* [Records for the task]:
'''
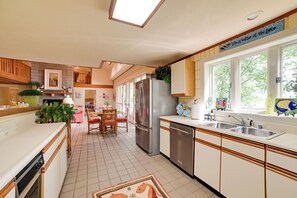 A kitchen with a refrigerator, dishwasher, and a window with a view of trees. - Boat Dock: Lakeside Kentucky Getaway! (Benton)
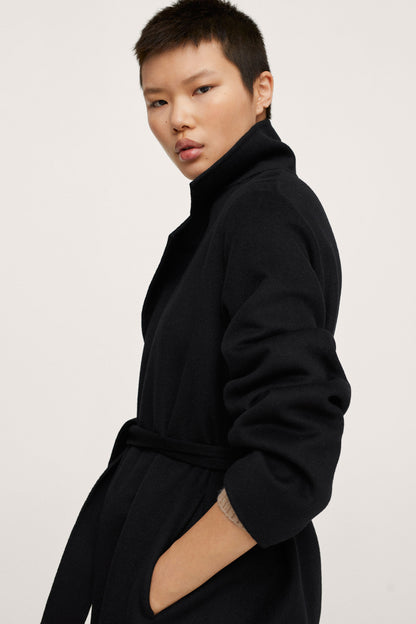 Black long coat with tie belt and wide lapel collar, side profile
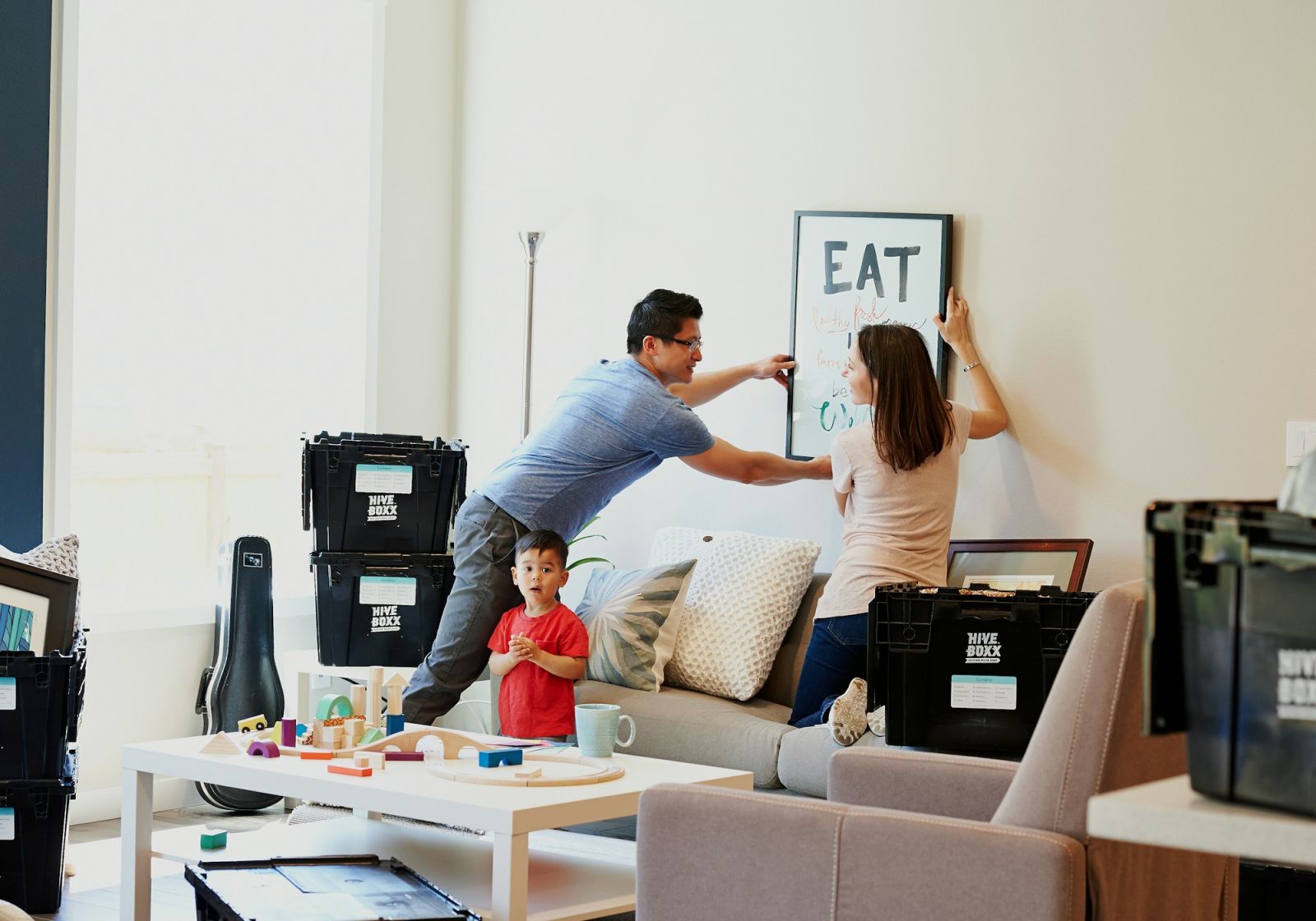 Familie richtet zwischen Umzugskisten die neue Wohnung ein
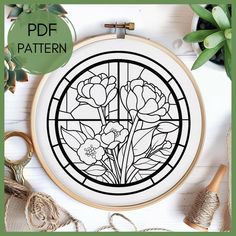 a cross stitch pattern with flowers in a round frame on top of a white table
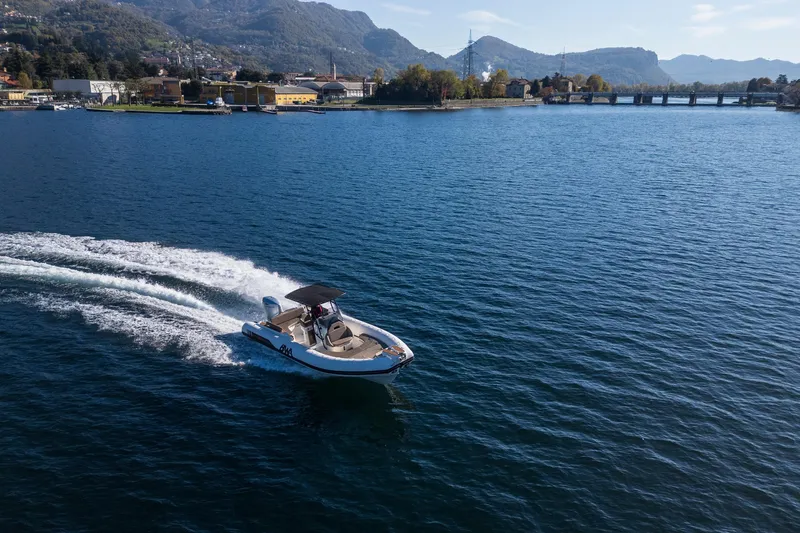  Yacht Photos Pics A 2026 BWA GTO 308 boat cruising on a scenic lake with mountains in the background.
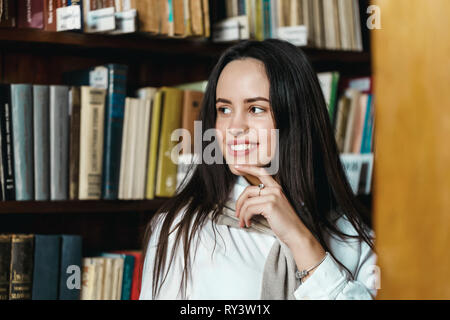 Thoughtful girl chooses books for the exam Stock Photo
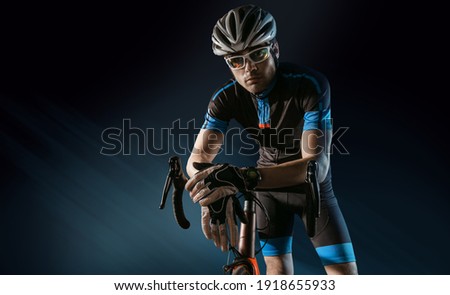 Spost background with copyspace. Cyclist. Dramatic colorful close-up portrait. Royalty-Free Stock Photo #1918655933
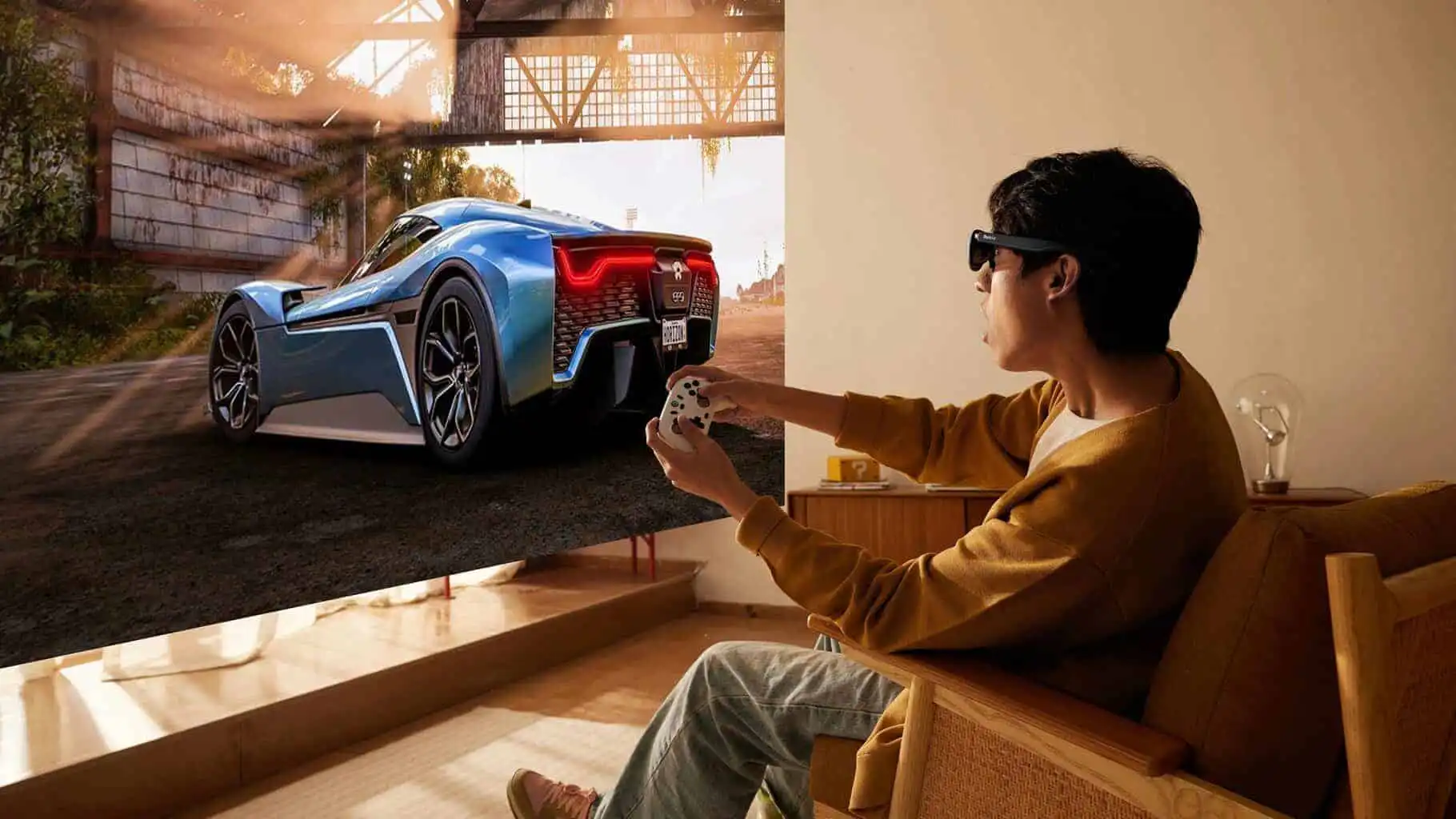 High-tech man with AR glasses controls a sleek blue racing car simulation on a large screen.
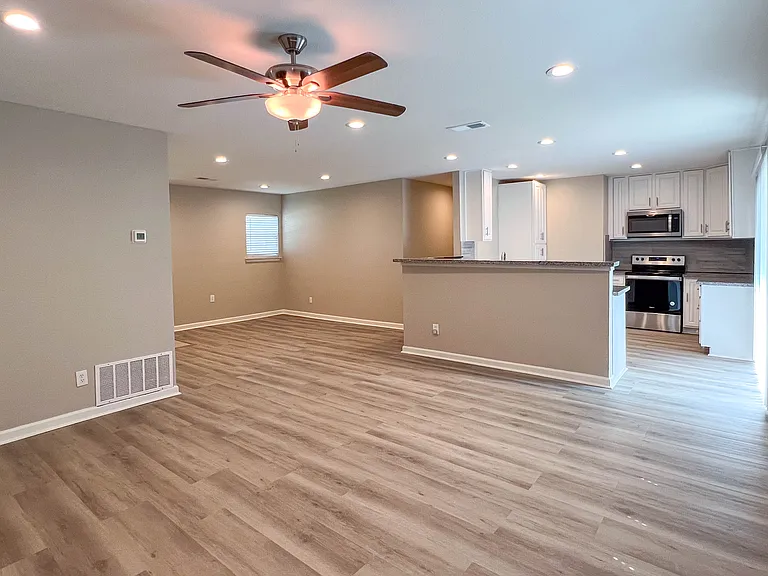 Open-concept living area, recessed lighting, and an easy connection to the updated kitchen and breakfast bar.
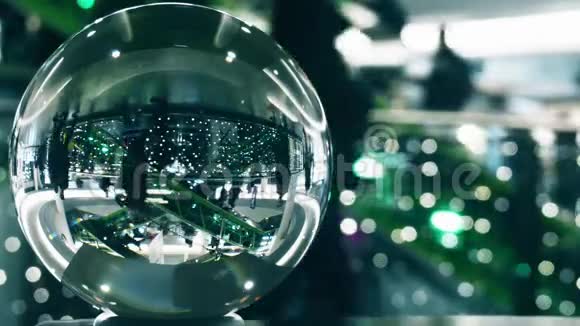 无法辨认的顾客在圣诞节和新年装饰的购物中心在玻璃球上扭曲的视野视频的预览图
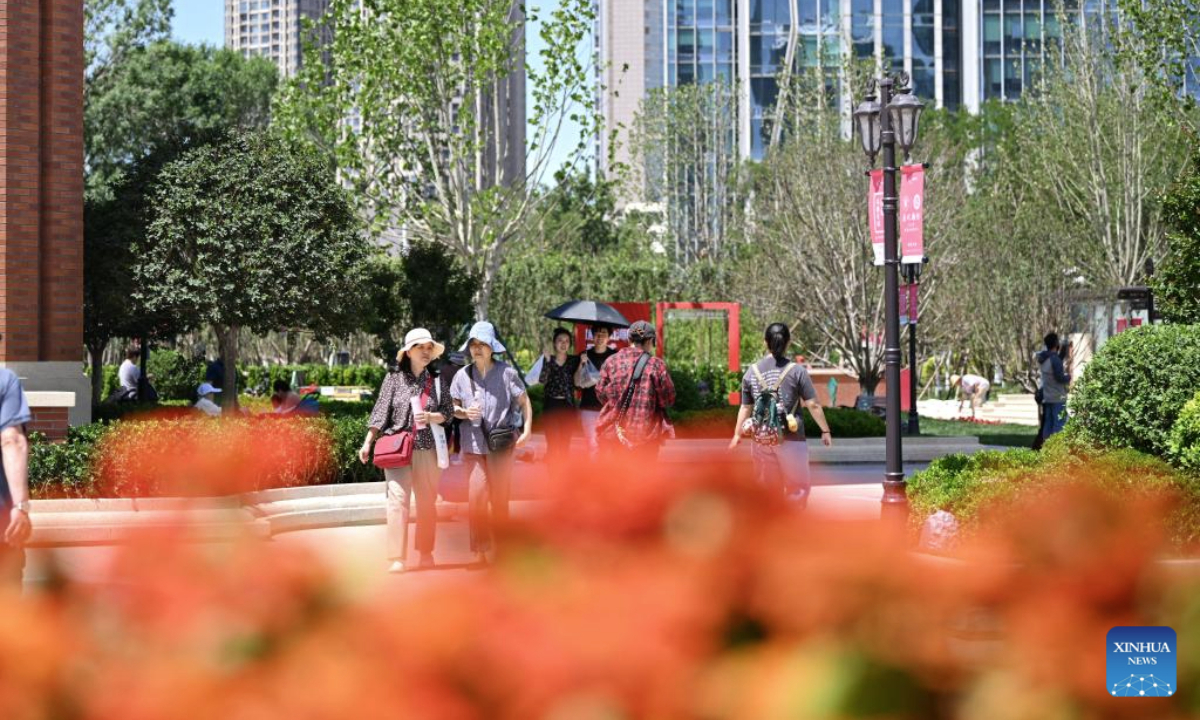 People take a walk at a pocket park in Heping District of Tianjin, north China, June 3, 2025.

In recent years, Tianjin, a major city in northern China, has revitalized small urban spaces by building over 300 pocket parks, strategically scattered across residential areas, streets, and commercial districts. These green oases are helping shape a livable urban ecosystem where residents enjoy green views from windows and easy park access. (Xinhua/Li Ran)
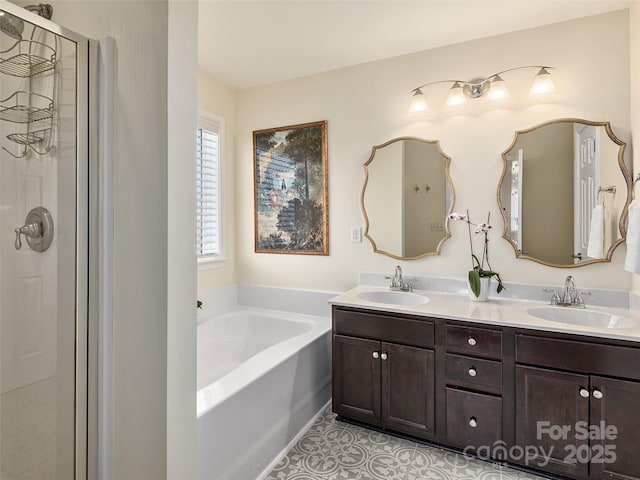 bathroom featuring plus walk in shower, vanity, and tile patterned floors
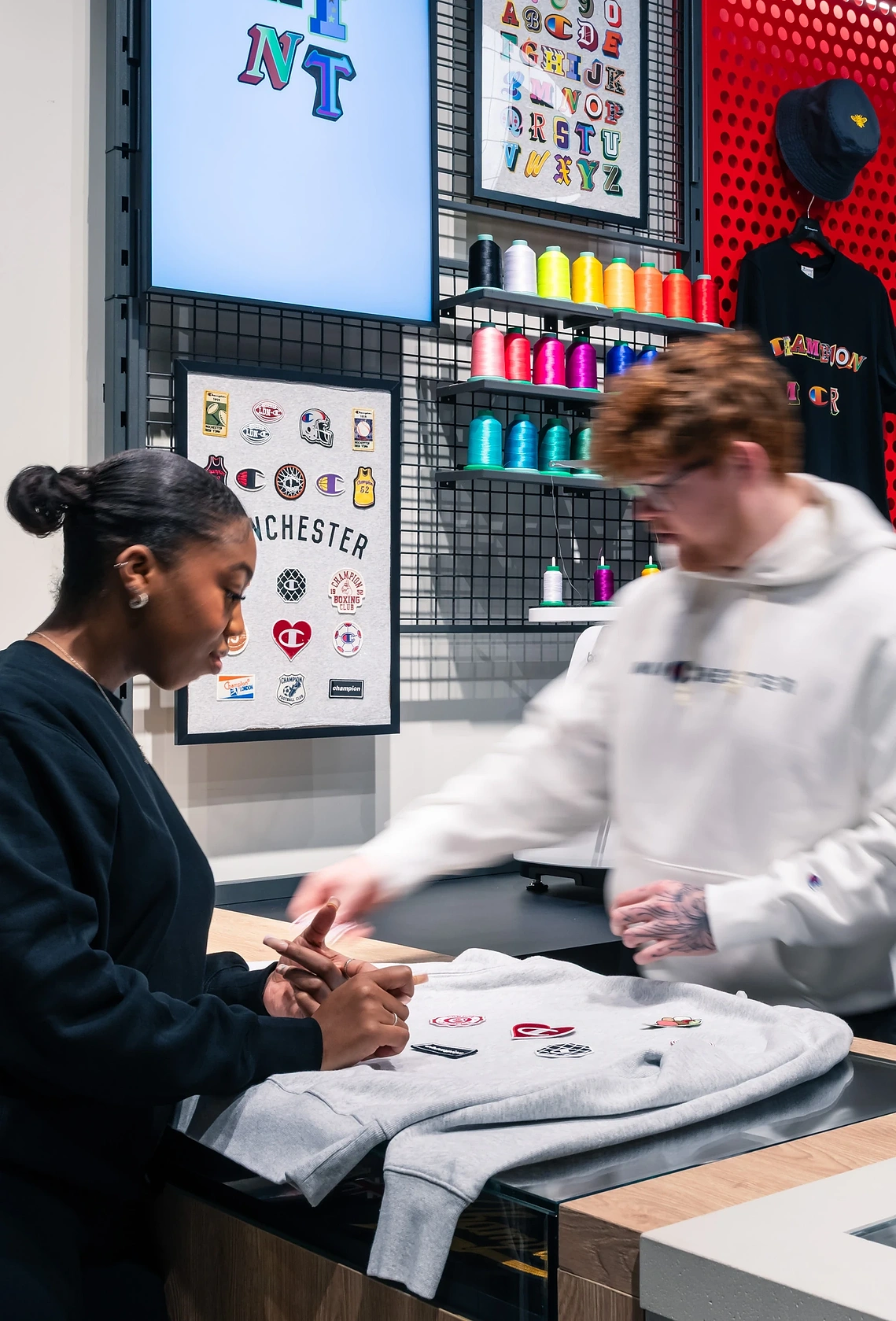 Commercial lifestyle photograph of the customisation station feature area in a Manchester retail space with staff.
'''
* [What is being asked]: Your copy must consist solely of the lines from the one containing "bathroom featuring plus" through the final line of the material above, transcribed exactly, with the pictures left out.

* [Answer below]:
 bathroom featuring plus walk in shower, vanity, and tile patterned floors
 Commercial lifestyle photograph of the customisation station feature area in a Manchester retail space with staff.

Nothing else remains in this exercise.